Imagine if you arrived home from work one day to discover that your pet spaniel had morphed into a wolf. You know that dogs evolved from wolves that we domesticated and hybridized… you just didn’t expect to find one gnawing on the sofa leg. Something similar happened in my garden. A favorite yellow Canadian rose bush, well adapted to the cold climate, has been blooming faithfully and true for years. Like many other garden roses, it’s a hybrid produced by grafting domestic and wild strains together. However, last summer, the rose suddenly revealed its lurking Id. To my amazement, from its feral heart it launched flutelike canes of heavily-flowering, tiny white roses. The wild rose ribs sprang from the same trunk as the well-bred yellow tea rose ribs. It was like having Siamese twins, one of which was Neanderthal, the other Homo sapiens.
Heaven knows what it will do this summer.
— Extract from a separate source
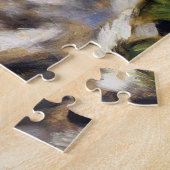 Puzzle Femme avec Parasol Renoir Art (Côté)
Wild roses are hardier, better adapted to unstable temperatures. Will climate change favor one or the other? Will all of the domesticated roses run wild? A garden is always full of surprises. Last summer, for the first time in the decades I’ve lived here, my yard was a deafening amphibian rave, where hundreds of croaking frogs (especially the drum-eared bullfrogs, whose croak should really belong to a snoring bull, and the smaller banjo-plucking green frogs), bleatingly love-sick, drowned out human conversation. This year all I expect is the unexpected.
Canadian scientists warn of fewer backyard ice-skating rinks and frozen ponds in the future, and in some regions none at all, because of winter’s waning bite. This inspired geographers at Wilfrid Laurier University in Waterloo, Ontario, to found a website to track the effect of a warm climate on Canada’s tradition of thousands of icy flat playgrounds.
“We want outdoor rink lovers across North America and anywhere else in the world to tell us about their rinks,” they urge on RinkWatch.org. “We want you to pin the location of your rink on our map, and then each winter record every day that it’s skateable. We will gather up all the information from all the backyard rinks and use it to track the changes in our climate.”
Many of Canada’s legendary ice hockey players learned to skate on such tiny rinks, and Canadians hold them dear. An invisible thorn in the ozone layer can be denied, but when backyard hockey season is delayed, people notice.
Not everyone is warming up. Jim River, Alaska, a grizzly bear’s backyard and a grizzled hiker’s paradise, set a record low of -80°F. Residents there said the air hurt wickedly to breathe; they could feel it grate on every cell inside the nose. Exposed skin and eyes burned. Spit froze before it struck the ground. Frostnip took its toll. After a short spell outside, as people stepped back indoors, eyeglasses fogged up and froze to the face.
From Colorado to British Columbia, due to twenty years of unusually warm weather, spruce and pine bark beetles have chewed through four million acres of trees. This is fabulous for the bark beetles, but bad news for all the drought-weakened trees. Wildfires gust across their dry remains, sending flares through vast swaths of vegetation, as in the historic wildfires that blackened over 170,000 acres of caramel-mesa-ed New Mexico, and the record-breaking wildfires in mountain-blessed Colorado.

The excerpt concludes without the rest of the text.